Big data is becoming the new normal. Businesses have the ability to collect large volumes of diverse data at low costs. Sources include application, operating system, and network traffic logs, enterprise applications, mobile devices and user interaction tracking. Analyzing that data, however, is much more challenging than collecting it.
What should you do with all this data?
Is it time to analyze everything?
That is a tantalizing goal we probably will never realize but as always, it is a good time for targeted analysis. Use a combination of exploratory analysis and hypothesis driven approaches to identify valuable topics to investigate while avoiding others.
Business intelligence at the scale of big data requires data management practices, an understanding of how to perform exploratory analysis, and the ability to generate and test hypothesis about your data.
Managing Big Data for Business Intelligence
Extracting, collecting and integrating data has always been a challenge in business intelligence. Working with big data, which by definition comes in various forms and in large volumes, has many of the same challenges as well as others. Lets start from the assumption that you want to “analyze everything” so you will be collecting and storing as much data as possible.

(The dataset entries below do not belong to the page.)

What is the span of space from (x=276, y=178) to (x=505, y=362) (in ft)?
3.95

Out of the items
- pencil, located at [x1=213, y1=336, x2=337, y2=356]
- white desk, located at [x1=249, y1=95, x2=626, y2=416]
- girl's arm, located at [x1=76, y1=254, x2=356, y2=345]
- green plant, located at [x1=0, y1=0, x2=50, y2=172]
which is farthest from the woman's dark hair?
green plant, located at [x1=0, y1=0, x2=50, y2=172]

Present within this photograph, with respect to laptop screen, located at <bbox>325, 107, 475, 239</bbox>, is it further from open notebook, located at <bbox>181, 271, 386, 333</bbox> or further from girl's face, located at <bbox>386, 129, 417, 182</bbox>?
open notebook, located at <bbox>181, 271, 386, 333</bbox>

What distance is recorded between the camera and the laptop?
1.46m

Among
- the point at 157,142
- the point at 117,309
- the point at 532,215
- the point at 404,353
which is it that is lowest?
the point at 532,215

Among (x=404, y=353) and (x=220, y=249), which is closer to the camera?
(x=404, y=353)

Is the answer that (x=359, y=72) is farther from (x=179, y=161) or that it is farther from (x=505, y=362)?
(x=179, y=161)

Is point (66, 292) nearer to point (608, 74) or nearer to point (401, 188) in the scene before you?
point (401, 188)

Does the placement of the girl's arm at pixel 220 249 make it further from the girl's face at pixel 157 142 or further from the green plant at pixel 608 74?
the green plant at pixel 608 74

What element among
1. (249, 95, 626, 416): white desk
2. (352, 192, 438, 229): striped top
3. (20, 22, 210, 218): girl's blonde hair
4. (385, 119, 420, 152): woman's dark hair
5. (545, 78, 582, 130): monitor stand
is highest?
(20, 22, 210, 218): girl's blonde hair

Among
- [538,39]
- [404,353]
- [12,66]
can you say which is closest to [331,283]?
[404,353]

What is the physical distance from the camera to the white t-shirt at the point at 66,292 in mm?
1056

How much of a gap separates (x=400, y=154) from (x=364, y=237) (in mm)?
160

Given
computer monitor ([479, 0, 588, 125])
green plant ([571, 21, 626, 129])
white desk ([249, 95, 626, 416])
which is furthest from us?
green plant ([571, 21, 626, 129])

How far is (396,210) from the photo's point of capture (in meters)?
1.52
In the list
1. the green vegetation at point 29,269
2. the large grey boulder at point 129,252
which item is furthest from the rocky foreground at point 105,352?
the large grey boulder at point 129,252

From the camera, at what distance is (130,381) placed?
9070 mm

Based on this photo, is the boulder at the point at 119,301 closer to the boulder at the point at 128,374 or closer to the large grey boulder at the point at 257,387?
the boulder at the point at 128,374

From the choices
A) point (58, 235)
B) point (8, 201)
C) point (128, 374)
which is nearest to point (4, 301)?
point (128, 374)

We could summarize much of the raw data and store only the summaries but that risks losing valuable information. Nathan Marz and James Warren make the case for storing raw data in their book Big Data: Principles and Best Practices of Scalable Realtime Data Systems. They argue that storing all the raw data allows us to recover from errors, e.g. a bug in the summarization program, and it also allows us to reuse data in ways we might not have anticipated. Summarizations of any form will lose information that could otherwise be derived at a later time.

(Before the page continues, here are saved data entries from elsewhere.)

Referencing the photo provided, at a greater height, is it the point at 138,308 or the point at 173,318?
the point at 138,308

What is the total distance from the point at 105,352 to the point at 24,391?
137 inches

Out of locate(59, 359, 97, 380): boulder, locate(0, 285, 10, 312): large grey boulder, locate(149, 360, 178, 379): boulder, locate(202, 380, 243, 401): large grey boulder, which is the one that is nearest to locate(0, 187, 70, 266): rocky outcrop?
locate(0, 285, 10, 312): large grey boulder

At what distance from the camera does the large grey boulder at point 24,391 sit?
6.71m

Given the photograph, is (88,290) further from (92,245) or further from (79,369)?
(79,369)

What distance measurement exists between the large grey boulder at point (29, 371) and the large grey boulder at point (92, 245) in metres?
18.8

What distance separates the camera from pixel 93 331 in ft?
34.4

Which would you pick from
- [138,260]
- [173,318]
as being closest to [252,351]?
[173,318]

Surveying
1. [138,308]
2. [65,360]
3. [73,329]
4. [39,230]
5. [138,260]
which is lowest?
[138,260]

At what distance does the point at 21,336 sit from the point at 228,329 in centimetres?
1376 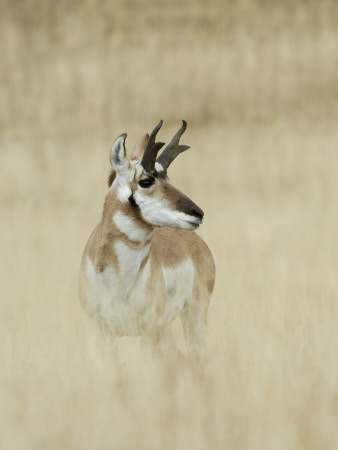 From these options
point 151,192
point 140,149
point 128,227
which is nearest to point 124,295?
point 128,227

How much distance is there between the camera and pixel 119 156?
691 cm

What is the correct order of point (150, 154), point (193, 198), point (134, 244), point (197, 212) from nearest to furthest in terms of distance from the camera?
point (197, 212) < point (150, 154) < point (134, 244) < point (193, 198)

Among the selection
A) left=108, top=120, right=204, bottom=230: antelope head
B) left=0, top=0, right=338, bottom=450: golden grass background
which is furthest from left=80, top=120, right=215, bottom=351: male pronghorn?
left=0, top=0, right=338, bottom=450: golden grass background

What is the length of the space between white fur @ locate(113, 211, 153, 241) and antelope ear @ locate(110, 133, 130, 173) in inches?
13.8

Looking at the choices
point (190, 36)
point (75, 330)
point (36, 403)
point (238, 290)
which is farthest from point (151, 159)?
point (190, 36)

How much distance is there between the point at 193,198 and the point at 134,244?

The desire to keep raw data has to be balanced against the cost of storage. Storing terabytes and petabytes of data for extended periods could bust your budget. Consider using compression and deduplicating backup programs to reduce the size of data sets when they are not being analyzed. Historical data that you would like to keep but will access infrequently could be stored in low cost archival storage, like Amazon Glacier, but there are trade-offs, including slow retrieval times. Another option is to summarize older data, but keep raw data for more recently generated data. This still leaves you the option to re-analyze data in new ways while reducing storage costs.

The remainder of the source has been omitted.